**EXERCISE PROMPT**: Without the images, print every line of the material below exactly as given.

**RECORDED INFORMATION**:
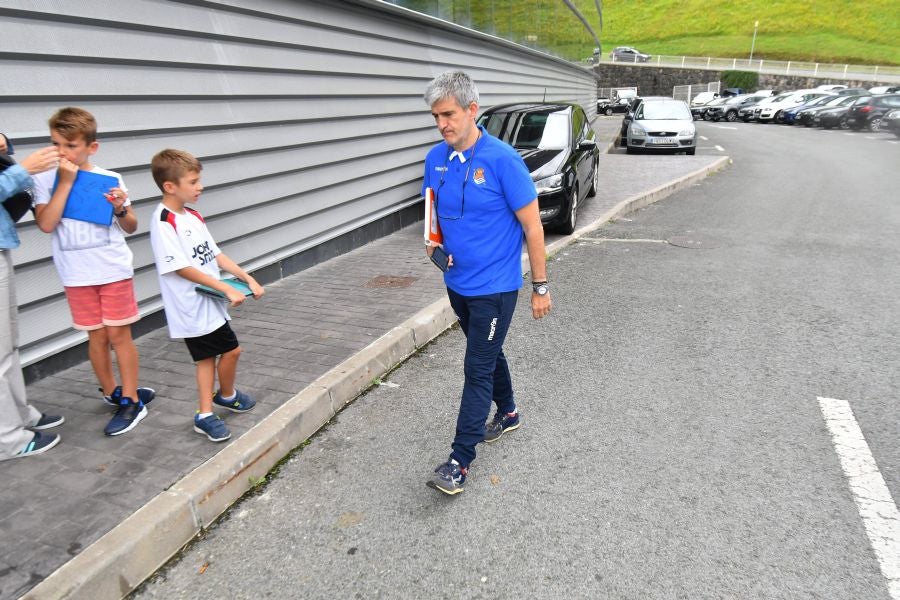 La plantilla de la Real, menos los lesionados y De La Bella, que está pendiente de solucionar su futuro, se ha entrenado en una sesión matutina en Zubieta.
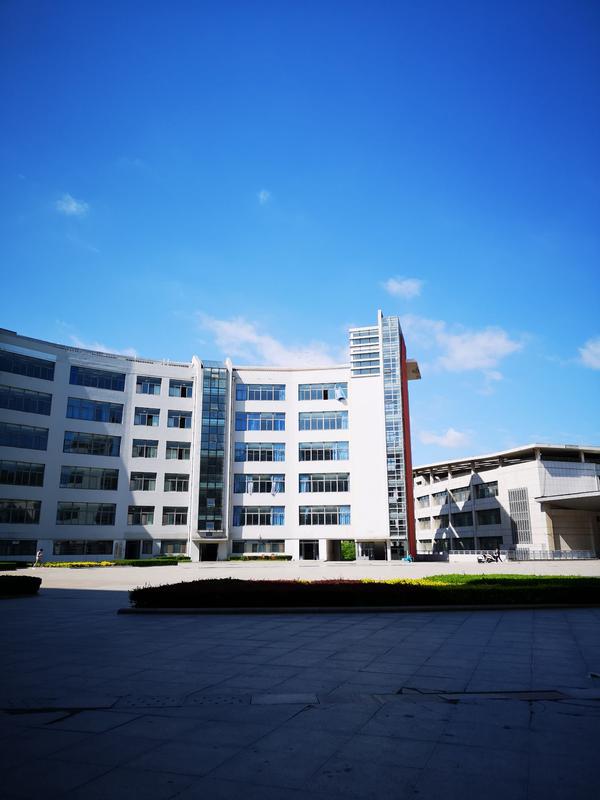 青岛科技大学崂山校区怎么样?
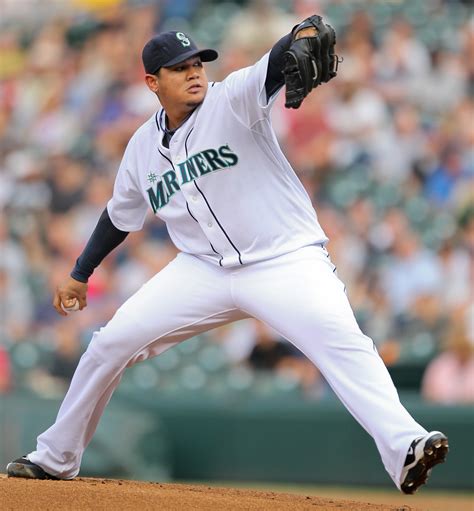 Felix Hernandez Wins AL Cy Young Award: 10 Reasons King Felix Is ...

**SOLUTION FOR THIS PROBLEM**:
 La plantilla de la Real, menos los lesionados y De La Bella, que está pendiente de solucionar su futuro, se ha entrenado en una sesión matutina en Zubieta.
 青岛科技大学崂山校区怎么样?
 Felix Hernandez Wins AL Cy Young Award: 10 Reasons King Felix Is ...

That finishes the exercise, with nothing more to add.